This snakelike gas cloud (center dark area) in the constellation Musca resembles a skinny filament. But it’s actually a flat sheet that extends about 20 light-years into space away from Earth, an analysis finds.
(Dylan O’Donnell, deography.com/WikiCommons)
When thinking and talking about “astrobiology,” many people are inclined to think of alien creatures that often look rather like us, but with some kind of switcheroo. Life, in this view, means something rather like us that just happens to live on another planet and perhaps uses different techniques to stay alive.
But as defined by NASA, and what “astrobiology” is in real scientific terms, is the search for life beyond Earth and the exploration of how life began here. They may seem like very different subjects but are actually joined at the hip; having a deeper understanding of how life originated on Earth is surely one of the most important set of clues to how to find it elsewhere.
Those con-joined scientific disciplines — the search for extraterrestrial life and the extraordinarily difficult task of analyzing how it started here — together raise another most complex challenge.

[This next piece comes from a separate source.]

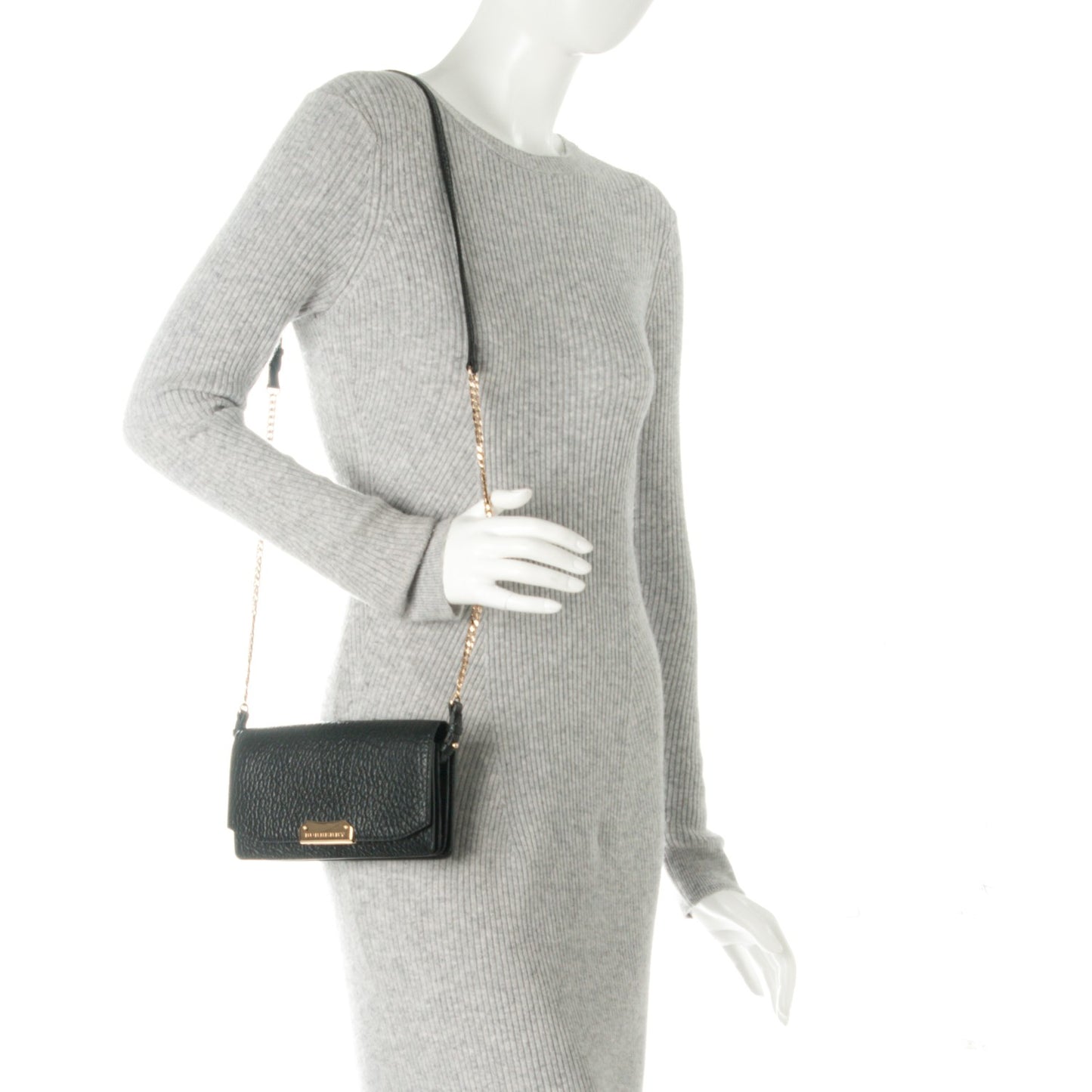 Signature Grain Small Madison Chain Clutch Black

Precisely how far back do we look when trying to understand the origins of life? Do we look to Darwin’s “warm little pond?” To the Miller-Urey experiment’s conclusion that organic building blocks of life can be formed by sparking some common gases and water with electricity? To an understanding the nature and evolution of our atmosphere?
The answer is “yes” to all, as well as to scores of additional essential dynamics of our galaxies. Because to begin to answer those three questions, we also have to know how planets form, the chemical make-up of the cosmos, how different suns effect different exoplanets and so much more.
This is why I was so interested in reading about a breakthrough approach to understanding the shape and nature of interstellar clouds. Because it is when those clouds of gas and dust collapse under their own gravitational attraction that stars are formed — and, of course, none of the above questions have meaning without preexisting stars.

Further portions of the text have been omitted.